The phenomenon of grisaille is one of the most intriguing issues in the nexus of ties between sculpture and painting within early Netherlandish art. Everyone who studies Flemish painting is aware that grey-monochrome, pictorial imagery – which imitates sculpture to varying degrees – is often found on the exterior of triptychs. But, as Shirley Blum noted in her 1969 Early Netherlandish Triptychs, “the reasons for its [grisaille’s] use are not yet fully understood.” And they remain so even today.

To be sure, a number of theories regarding the use of grisaille on triptych exteriors have been advanced over the years. Hans Belting’s view, proposed in his 1994 Die Erfindung des Gemäldes, probably comes closest to representing the current scholarly consensus.
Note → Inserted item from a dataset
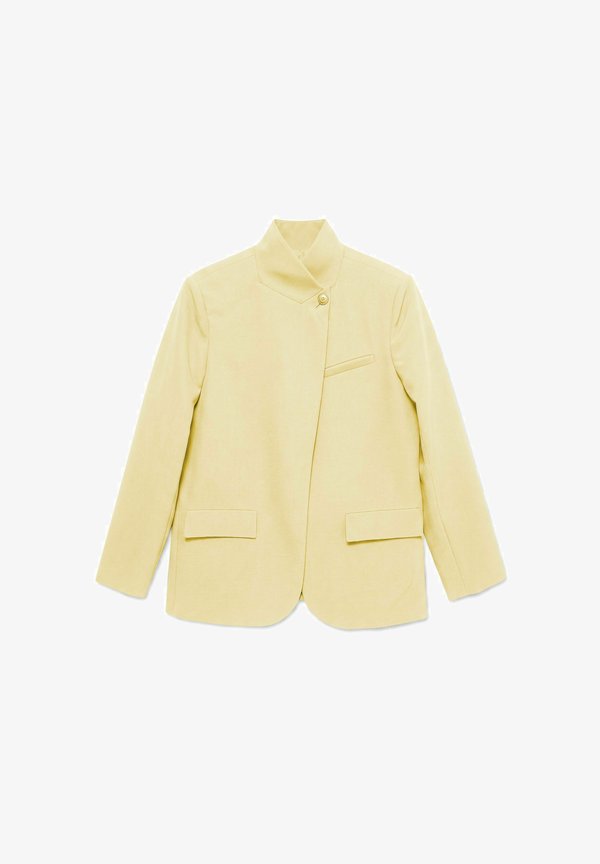 Vero Moda BLAZER VMBECCA BLAZER - Blazer - anise flower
Belting argues that grisaille was used to establish an antithesis between triptych exteriors – which were conceived as closed stone walls that limited the view to empirical perception, either of living people (e.g., donor portraits) and/or of stone figures (in grisaille) – and triptych interiors, which display the transcendent, visionary world that starts where empirical perception ends. I agree with Belting that grisaille could and often did serve to distinguish and divide the exterior from the interior of the triptych. But in this paper, I will argue that grisaille also could be used to create links between these two zones of the triptych. And these links had significant implications for the meaning of the work.
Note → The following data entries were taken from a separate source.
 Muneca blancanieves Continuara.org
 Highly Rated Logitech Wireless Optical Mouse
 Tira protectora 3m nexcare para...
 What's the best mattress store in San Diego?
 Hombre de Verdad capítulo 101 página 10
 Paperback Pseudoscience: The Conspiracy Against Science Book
On my view, the terminology used in the fifteenth and sixteenth centuries to refer to triptychs, that is, the term “painting with doors,” expresses the then-contemporary sense that the fundamental role of the format was to create doors that delimit thresholds between different zones. Netherlandish artists negotiated these thresholds carefully and consciously, because the meaning of the triptychs, at least in part, was bound up in the ways in which these built-in boundaries were structured. Very often artists tried to illustrate meaning-laden connections between the different zones of the triptych by creating visual links across the thresholds between them.
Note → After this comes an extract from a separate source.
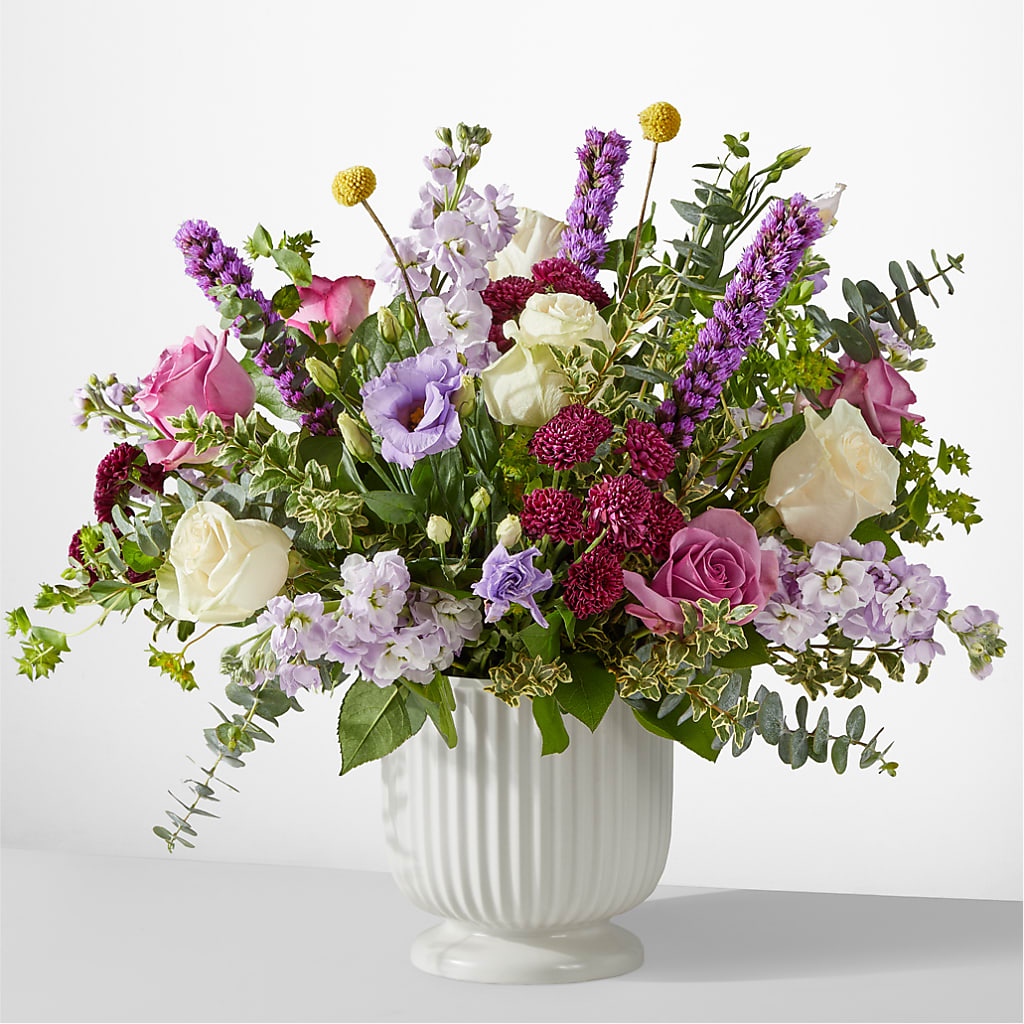 Work of Art Bouquet –  Maes Flower Shop, Ville Platte LA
This paper will examine the treatment of grisaille on the exteriors of several fifteenth and sixteenth century triptychs (from Campin through Bosch) and assess ways in which the treatment of grisaille helps break down the divisions between exterior and interior to create connections that are essential to the meaning of the whole. A major focus of the analysis will be on how the growing pictorialism of the grisaille over the course of the fifteenth century (that is, the increasing sense of animation and color) represents an increased concern for unification across the threshold between exterior and interior. The paper will also consider how grisaille images sometimes break down another threshold – that is, the one between the art work and the viewer – through projection forward in space. The paper will also examine how the relations of exterior and interior within early Netherlandish painted triptychs compare to those in sculpted altarpieces of the time.